-- About this task --
Begin at the line below that holds "Dennis Brown –" and end at the line that holds "Genitori rispettosi e rispettati.", transcribing each line exactly and skipping any picture.

-- Exercise materials --
*** Begin section ***

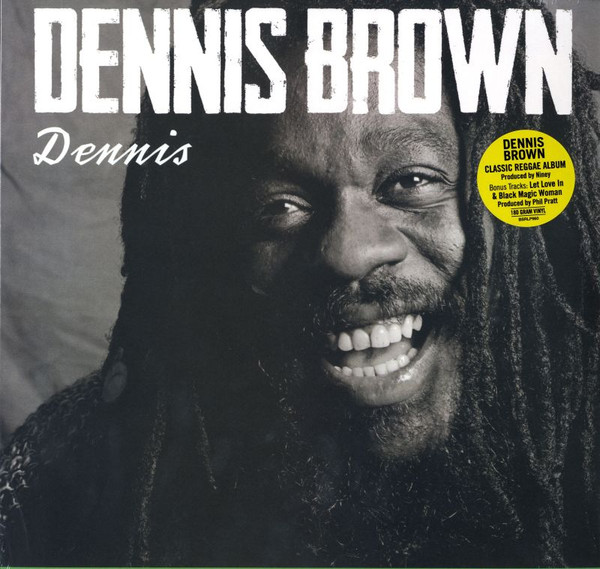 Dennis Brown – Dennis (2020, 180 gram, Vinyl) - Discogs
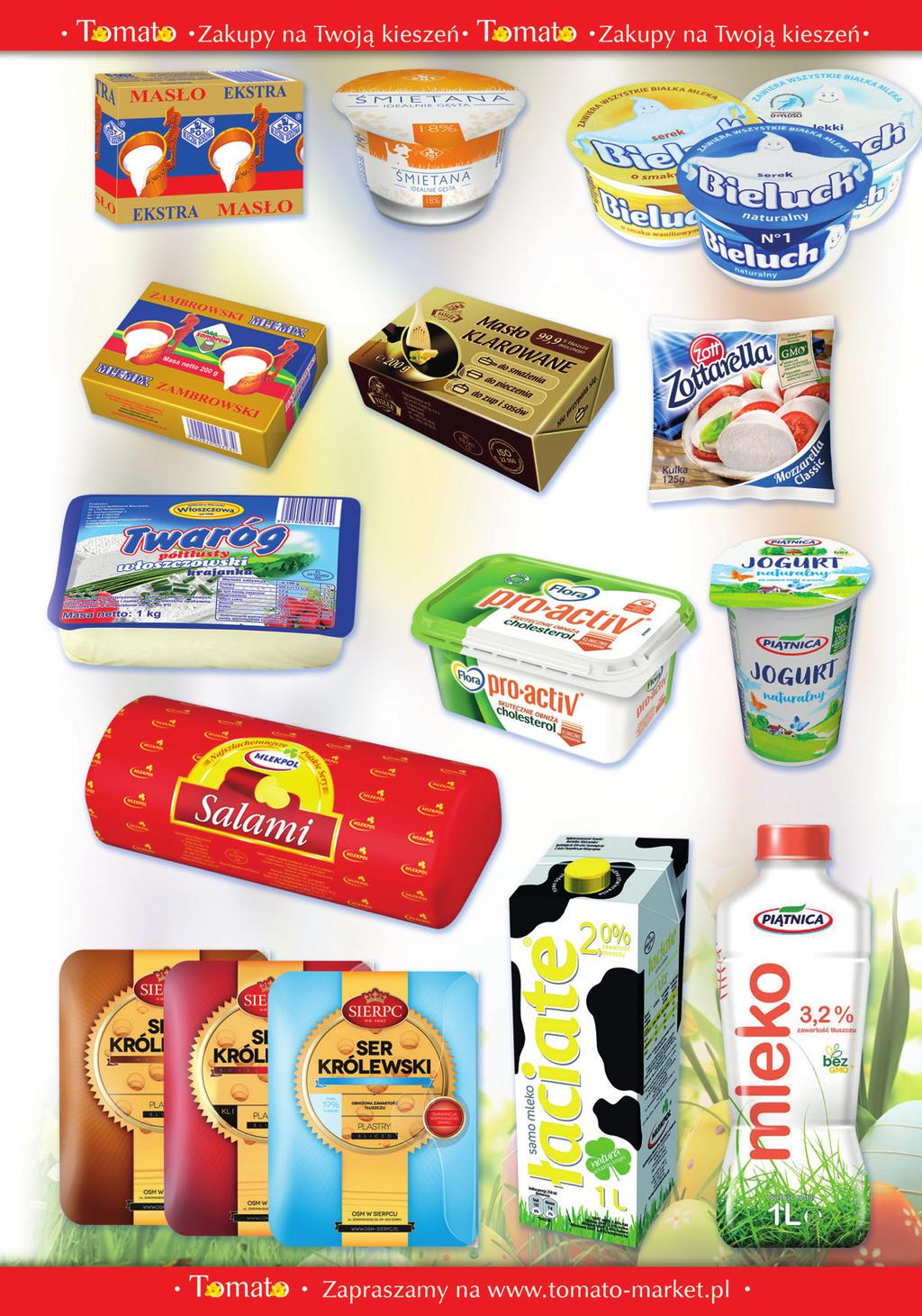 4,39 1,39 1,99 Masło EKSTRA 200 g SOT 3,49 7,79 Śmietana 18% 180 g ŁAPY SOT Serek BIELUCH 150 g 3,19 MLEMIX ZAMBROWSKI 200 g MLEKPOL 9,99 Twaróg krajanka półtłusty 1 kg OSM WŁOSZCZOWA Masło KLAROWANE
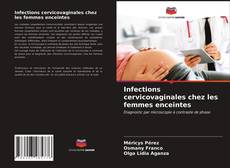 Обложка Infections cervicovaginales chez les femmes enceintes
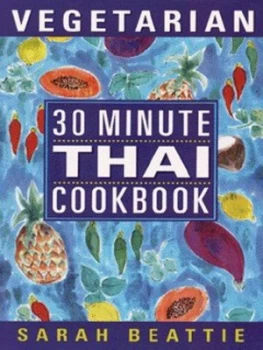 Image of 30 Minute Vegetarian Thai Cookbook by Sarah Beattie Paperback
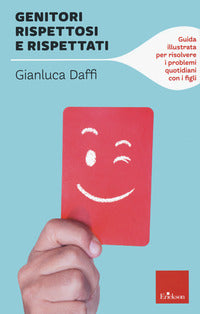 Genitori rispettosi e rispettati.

*** End section ***
*** Begin section ***

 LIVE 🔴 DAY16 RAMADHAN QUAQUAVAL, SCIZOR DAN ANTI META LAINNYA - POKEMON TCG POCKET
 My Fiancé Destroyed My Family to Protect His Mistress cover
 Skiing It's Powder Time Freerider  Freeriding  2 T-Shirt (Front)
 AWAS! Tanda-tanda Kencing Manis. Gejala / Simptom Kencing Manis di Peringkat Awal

*** End section ***

-- Expected answer --
 Dennis Brown – Dennis (2020, 180 gram, Vinyl) - Discogs
 4,39 1,39 1,99 Masło EKSTRA 200 g SOT 3,49 7,79 Śmietana 18% 180 g ŁAPY SOT Serek BIELUCH 150 g 3,19 MLEMIX ZAMBROWSKI 200 g MLEKPOL 9,99 Twaróg krajanka półtłusty 1 kg OSM WŁOSZCZOWA Masło KLAROWANE
 Обложка Infections cervicovaginales chez les femmes enceintes
 Image of 30 Minute Vegetarian Thai Cookbook by Sarah Beattie Paperback
 Genitori rispettosi e rispettati.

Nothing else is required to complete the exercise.